Esteve? “Esteve a neta do Charlie Chaplin...” E o Miles Davis, esteve ou é um mito? E disse que não imaginava que era possível tocar trompete daquela maneira? “Esteve também o Maradona, com o Kusturica... Estão todos aqui no livro”. Mas desculpe, Jovica, e o Miles Davis? Tem a certeza se ele esteve em Guca ou não? “Creio que não esteve”. Risada geral e alguém propõe um brinde: “Ziveli, Miles Davis!”


Mais perto da lua

Jovica nunca tocou trompete, mas aos 72 anos tem tanta energia como o instrumento. Entre o pôr-do-sol e o nascer da lua, leva-nos, em poucos minutos, a um flashback pelos tronos do festival. Outra vez a estátua, a igreja onde tudo começou, a placa que enumera os mestres do trompete, o estádio da grande final a 21 de Agosto. E mais memória refrescada pela terceira rodada de cervejas, porque em sérvio “a terceira é a da sorte”. Sorte para ouvir o anfitrião contar que a bandeira com o instrumento de Guca já esteve no topo do Evereste, em 2000, mais perto do céu para onde o cosmonauta soviético Viktor Savinih já tinha levado antes a fotografia que tirou em 86 junto a um trompete do festival.

No Evereste e na estação espacial MIR, o trompete de Guca esteve mais perto do que nunca da lua. “Não”, aponta Jovica para cima das colinas ao fundo, “porque a lua está aqui”. Não, digo-lhe eu, aqui está aquela flor, para onde aponto. Sabe como é que ela se chama? “Qual, aquela em forma de trompete? Não, não sei...”.

Era uma trompeteira solitária, junto a algumas rosas púrpuras.
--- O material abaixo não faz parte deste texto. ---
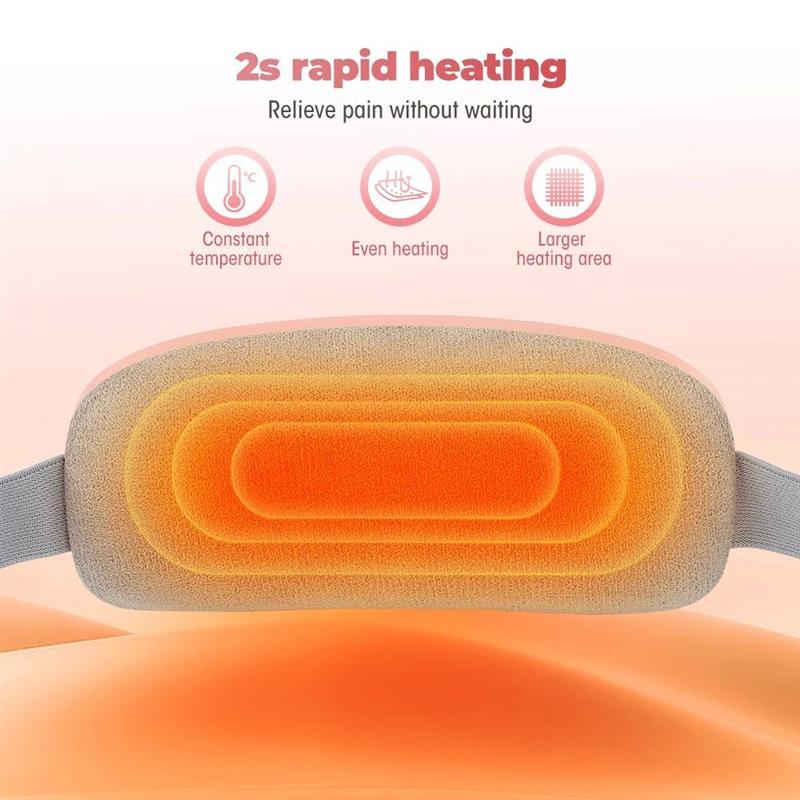 Electric Heating Pad for Period Pain Relief & Warm Care global swanky 2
Também se chama corneta de anjo ou trompete de anjo. Tem um perfume mais intenso à noite. O seu cheiro talvez chegue à última noite do festival, véspera de lua cheia, e o poder alucinogénico daquele trompete de anjo (que pode levar à morte) há-de libertar o diabo em Guca. E o último dos festivaleiros que adormecer ali junto à pequena trompeteira, à sombra do luar, talvez sonhe que Miles Davis visita finalmente Guca e diz que “não sabia que era possível tocar trompete daquela maneira”.